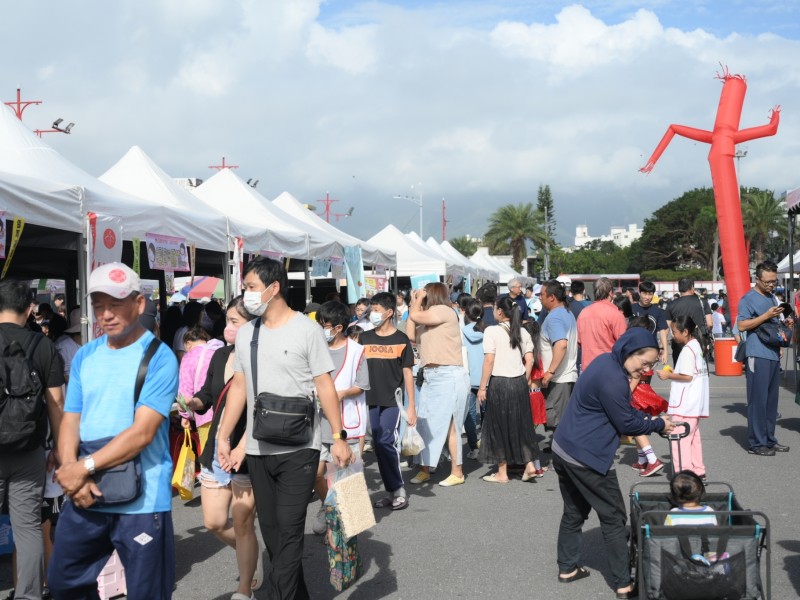 魏嘉彥現身家扶園遊會 為無窮世代與兒童權利發聲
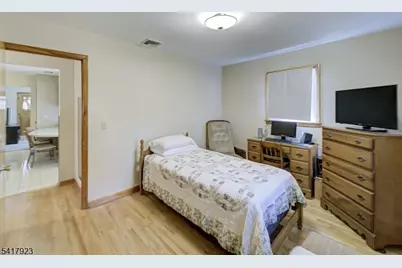 309 Marion Pl, Manville, NJ 08835 - Photo 11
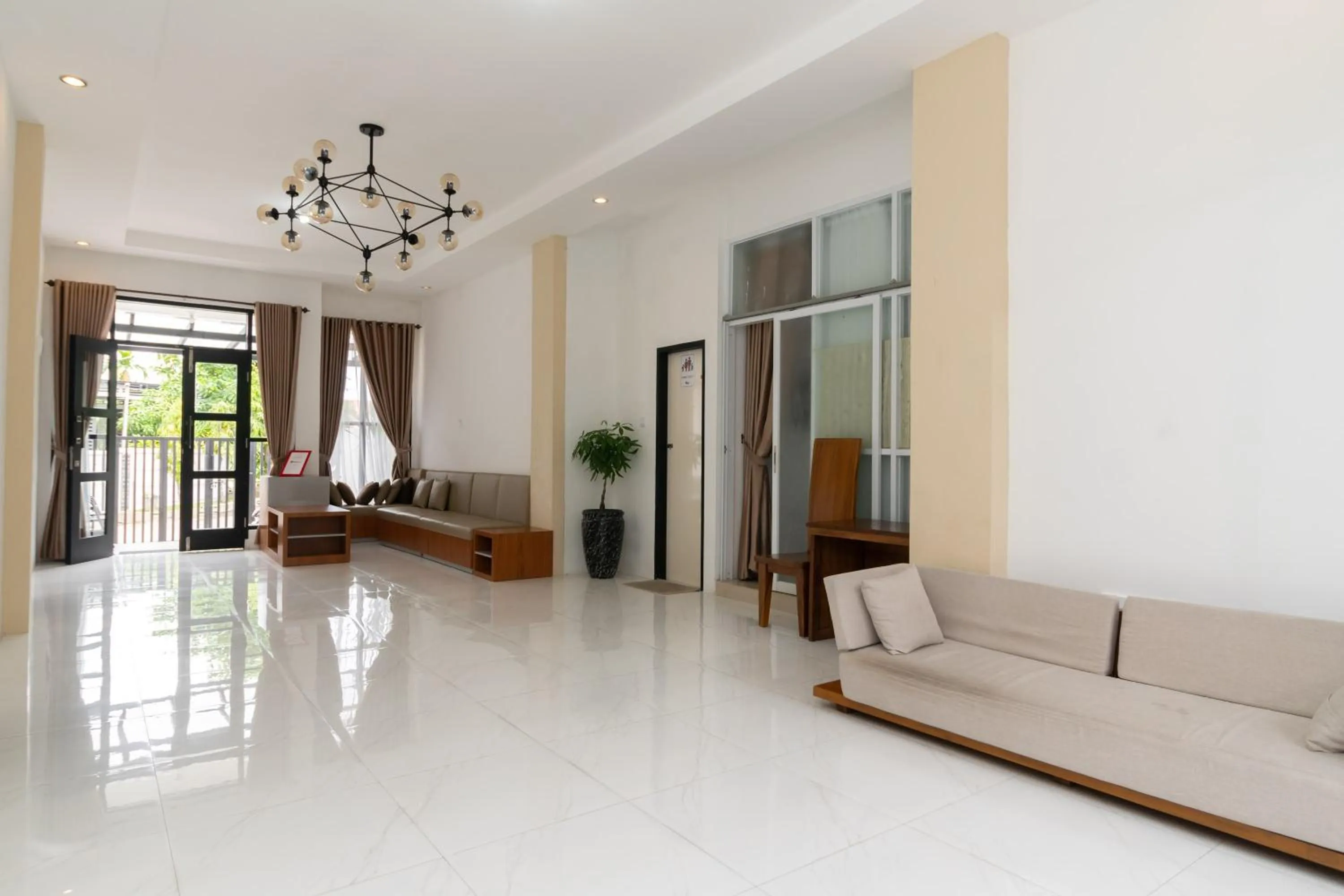 Living room in RedDoorz Syariah at Jalan Andalas Padang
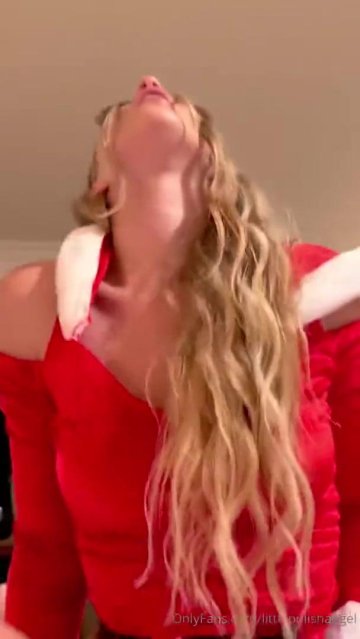 LittlePolishAngel Xmas POV Riding Sex OnlyFans Video Leaked - #8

§

#### Activity:
Print the material in full and exactly, minus the pictures.

#### Written response:
 魏嘉彥現身家扶園遊會 為無窮世代與兒童權利發聲
 309 Marion Pl, Manville, NJ 08835 - Photo 11
 Living room in RedDoorz Syariah at Jalan Andalas Padang
 LittlePolishAngel Xmas POV Riding Sex OnlyFans Video Leaked - #8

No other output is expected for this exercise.